The fundamental question animating these confrontations concerns the appropriate responsibility of platform operators for user-generated content and criminal behaviour. Telegram maintains that technical encryption systems prevent the company itself from accessing user communications, making compliance with data disclosure demands technically impossible rather than legally optional. Critics contend that this stance reflects deliberate architectural choices designed to insulate the company from accountability, and that Durov has accumulated sufficient wealth and technical expertise to implement targeted solutions without compromising encryption for all users. The stalemate reflects broader philosophical disagreements about whether digital platforms constitute neutral infrastructure or active publishers bearing responsibility for their ecosystem.

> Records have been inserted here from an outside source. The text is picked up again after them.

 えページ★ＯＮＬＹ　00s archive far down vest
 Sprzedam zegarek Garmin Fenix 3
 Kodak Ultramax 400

For Malaysia and Southeast Asia, these global conflicts over Telegram carry direct implications. The region contains multiple authoritarian and semi-authoritarian governments that view encrypted messaging with suspicion, alongside democratic nations wrestling with balancing privacy and security. Malaysia's own regulatory approach to digital platforms will likely reflect lessons drawn from international enforcement efforts. The success or failure of foreign governments in compelling Telegram's compliance may influence whether Malaysian authorities pursue similar measures against the app, which enjoys substantial usage across the region's activist communities, journalists and ordinary citizens. Additionally, the economic dimension—whether companies like Telegram can simply relocate beyond jurisdictional reach—determines whether regulatory frameworks retain any genuine force.

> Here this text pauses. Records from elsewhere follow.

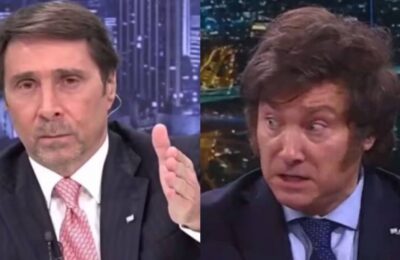 Feinmann cuestiona a Milei: "¿Son 18 meses o 2028? Pónganse de acuerdo"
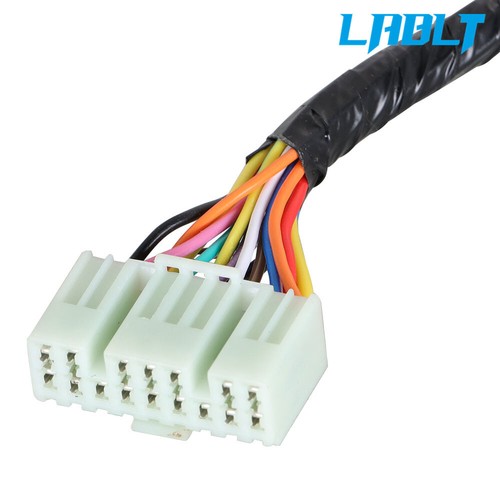 Arnés de cableado medidores velocímetros faros LABLT para Suzuki GSXR600/750 2006-07 - Imagen 7 de 14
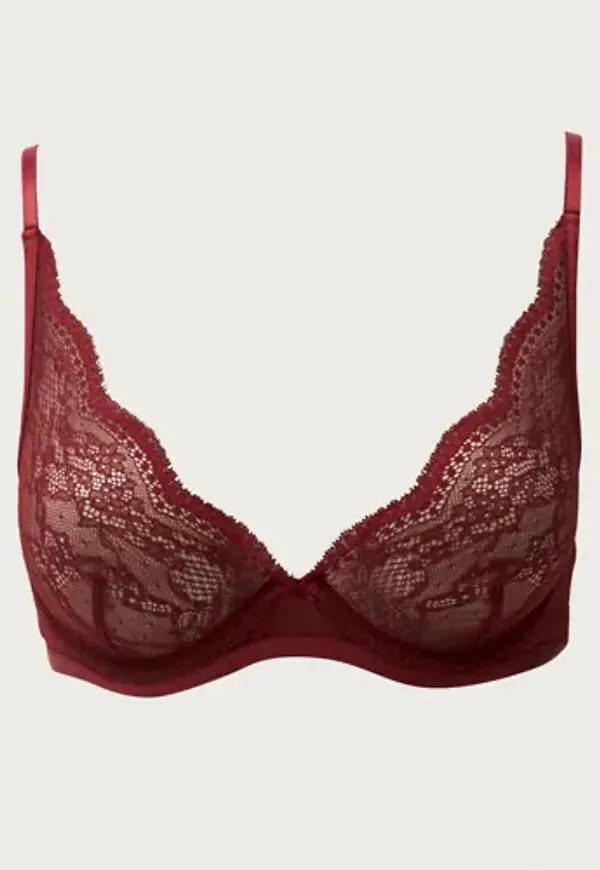 Hunkemöller - Röd - Isabelle Up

Durov's positioning of himself and Telegram as defenders of privacy against state surveillance contains genuine merit, particularly for users in countries with weak rule of law or political repression. Simultaneously, the documented use of the platform for terrorism financing, child exploitation and organised crime demonstrates that privacy absolutism extracts real social costs. The path forward likely involves neither a return to Telegram's current posture of near-total non-cooperation nor the capitulation to state demands for universal backdoors. Instead, governments may increasingly employ economic coercion through financial penalties, device bans for officials, and restrictions on app store availability. These indirect approaches circumvent the technical challenges of outright blocking while still meaningfully constraining the platform's utility and profitability.